(Recorded data)
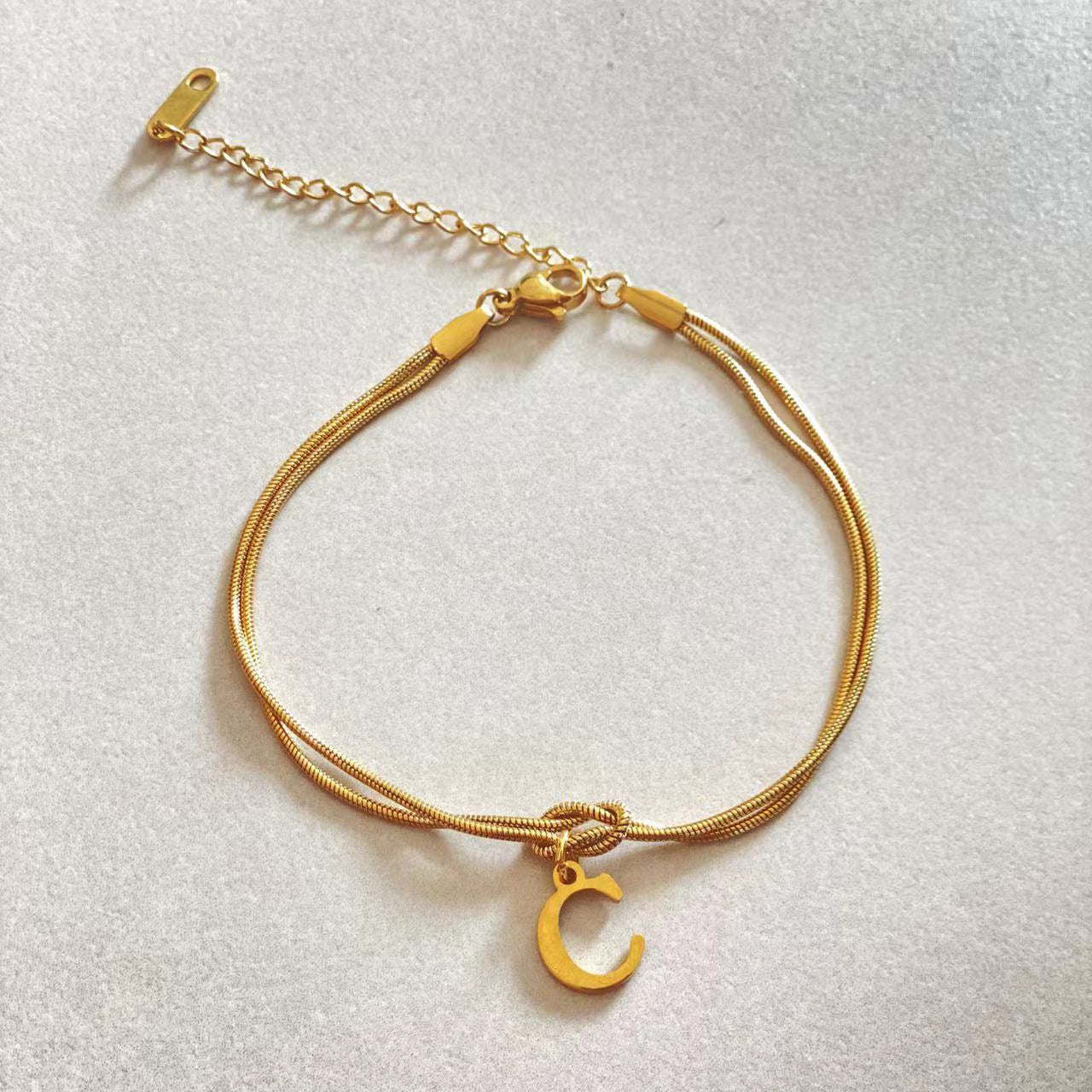 Nuevas pulseras con nudo de amor de la A a la Z para mujer, pulseras con dije de cadena de serpiente delicada de color dorado para parejas, joyería de acero inoxidable, regalo para el Día de San Valentín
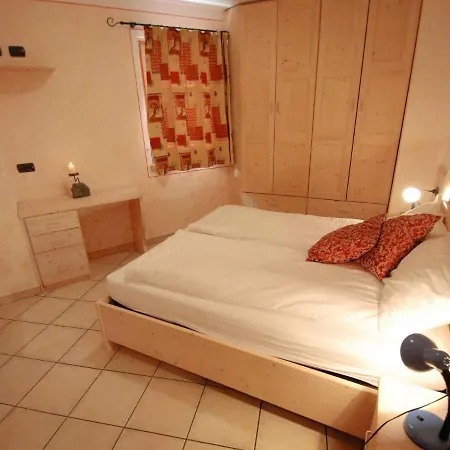 Locazione Turistica Stella Alpina Appartement Valdisotto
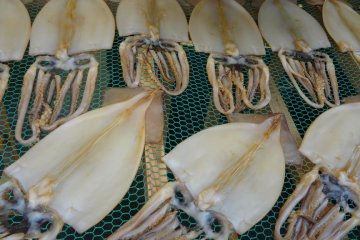 Hakone-yumoto is close to both the sea and mountains, so its many shops carry an abundance of seafood and mountain products. Dried fish and dried seaweed are notable examples.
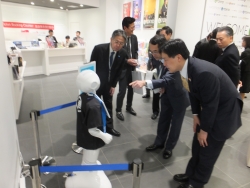 写真:ロボットによる観光案内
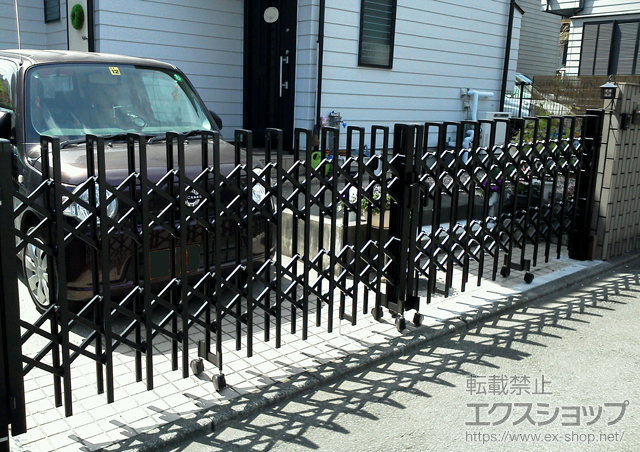 東京都あきる野市ののカーゲート トリップゲート 傾斜地専用型 ノンレール 両開き 23S+23M 施工例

TASK DETAILS
In the records, the line containing "写真:ロボットによる観光案内" starts the span and the final line ends it. Output exactly that span, both ends included, with no pictures and nothing else.

RESPONSE
 写真:ロボットによる観光案内
 東京都あきる野市ののカーゲート トリップゲート 傾斜地専用型 ノンレール 両開き 23S+23M 施工例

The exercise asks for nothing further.